» Exercise instructions: Starting at the line that holds "Black velvet long sleeved dress", reproduce each line exactly up to and including the last line of the records below. Pictures stay out.

[Stored data entries]
_ _ _ _

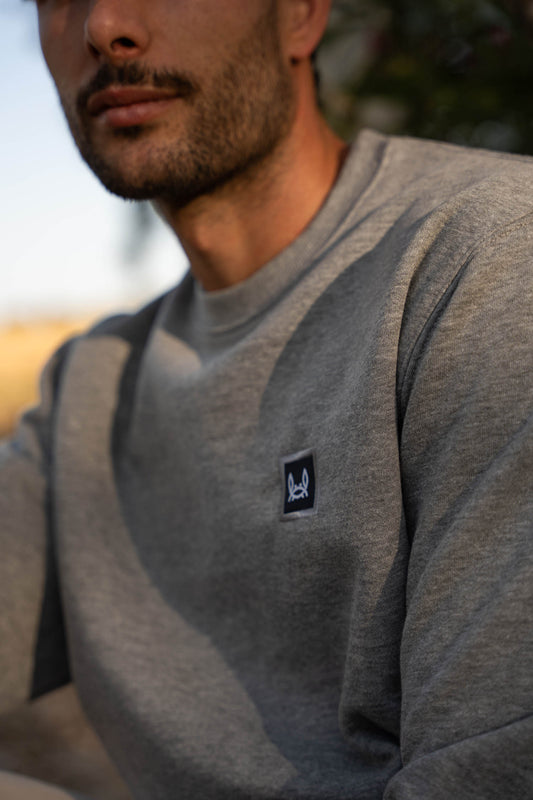 Sudadera Básica Parche Gris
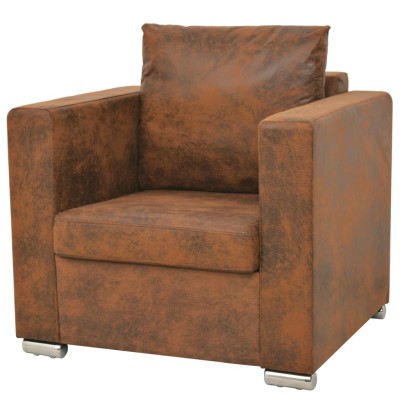 Sillón marrón 82x73x82 cm piel sintética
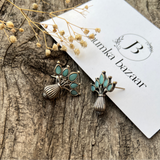 Stylish Amazing Flower Pot Earrings In Silver Finish With Stone- Mint Colour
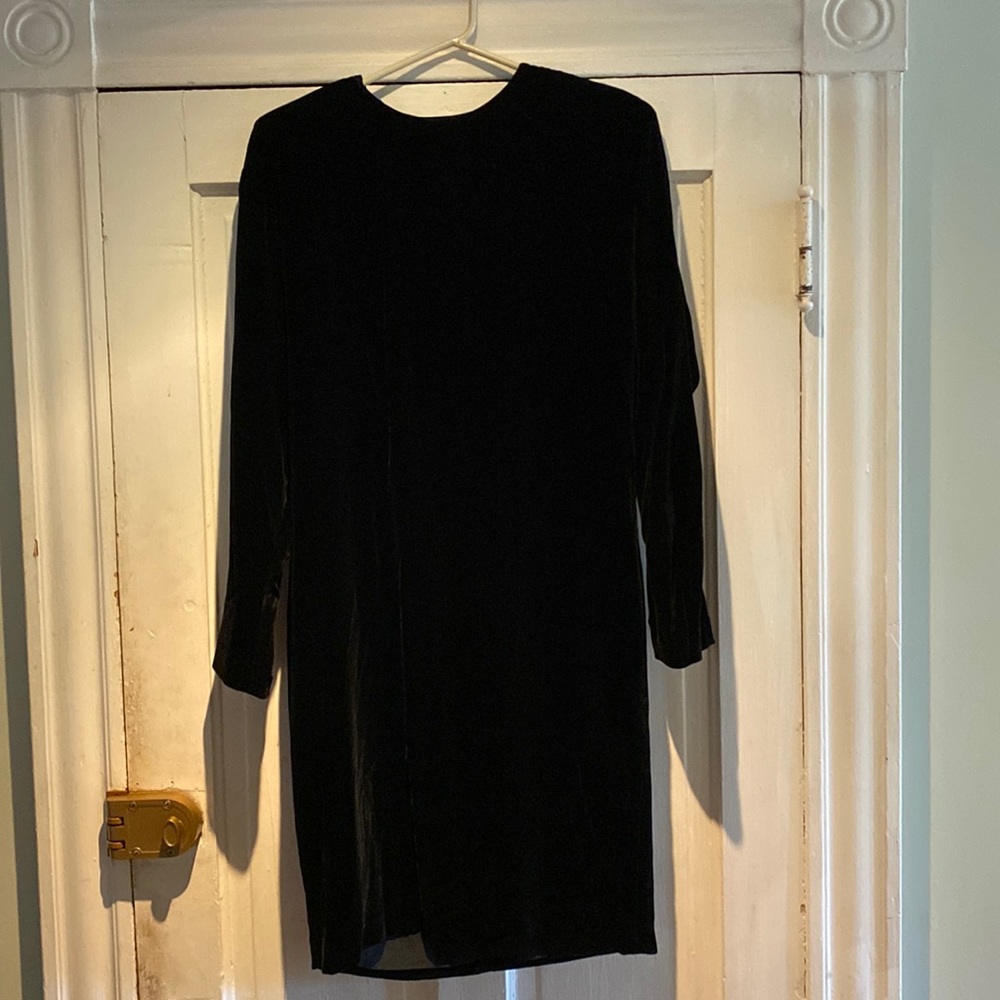 Black velvet long sleeved dress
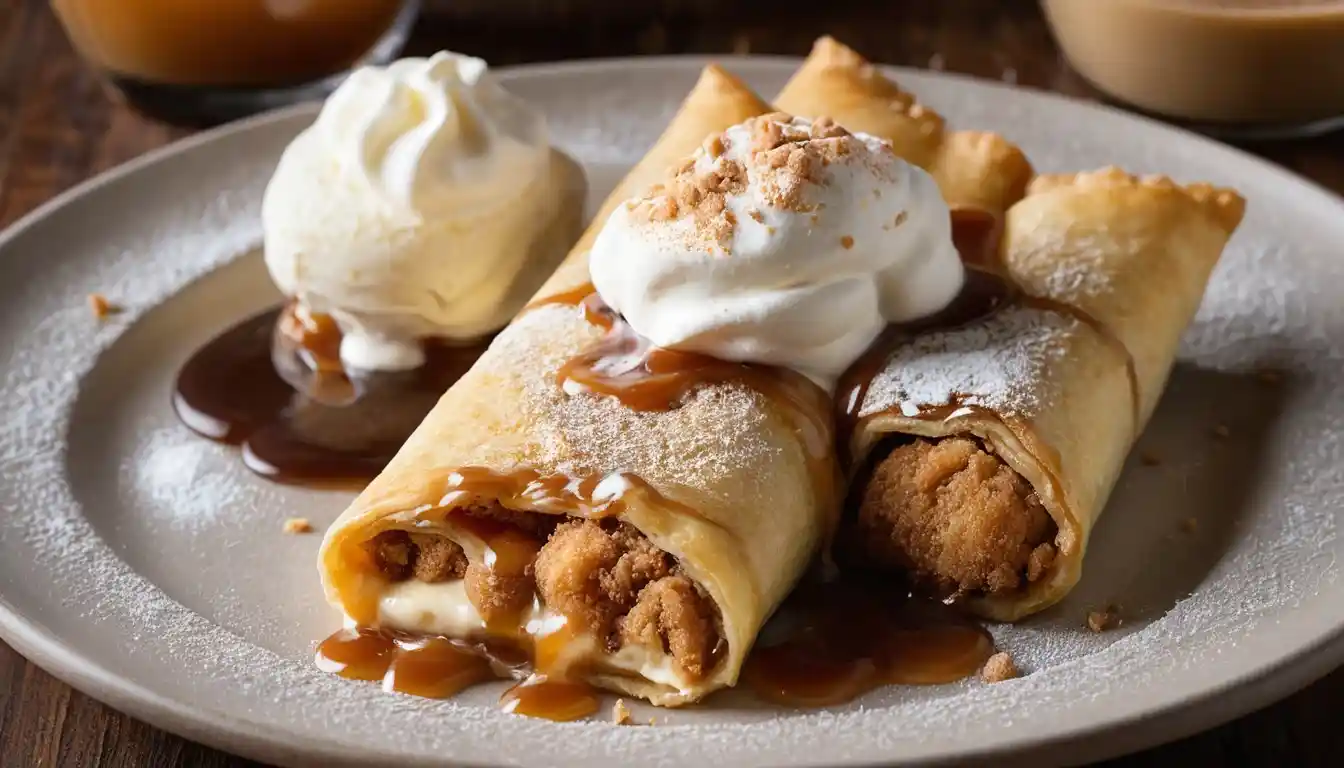 Close-up of a Chimi Cheesecake , cut in half to show the creamy filling, drizzled with caramel and dusted with powdered sugar, served with vanilla ice cream.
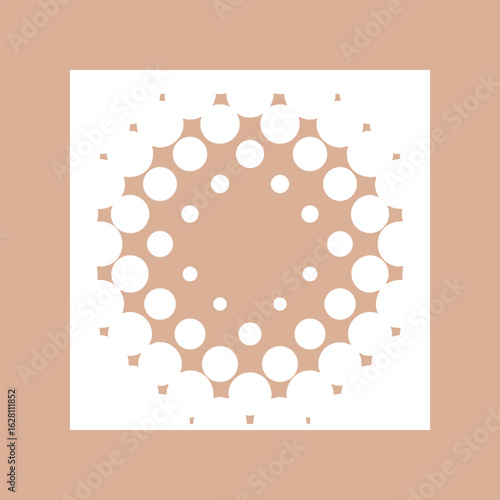 Halftone design element, rectangular halftone dot pattern. Specks, vector circle gradient. Modern design in polygraph style. Printing pattern.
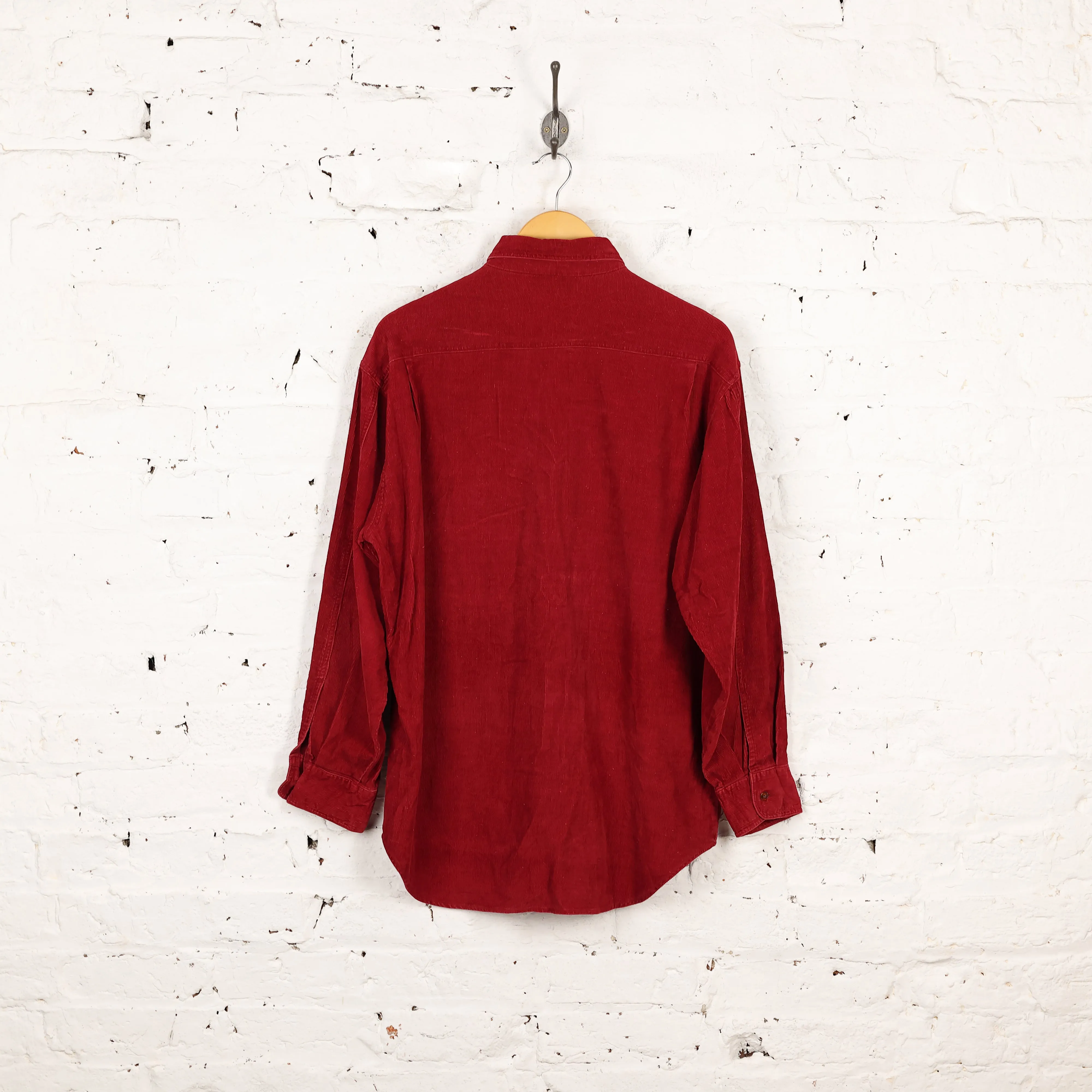 90s Corduroy Button Down Shirt - Maroon - L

_ _ _ _

» Response to the exercise:
 Black velvet long sleeved dress
 Close-up of a Chimi Cheesecake , cut in half to show the creamy filling, drizzled with caramel and dusted with powdered sugar, served with vanilla ice cream.
 Halftone design element, rectangular halftone dot pattern. Specks, vector circle gradient. Modern design in polygraph style. Printing pattern.
 90s Corduroy Button Down Shirt - Maroon - L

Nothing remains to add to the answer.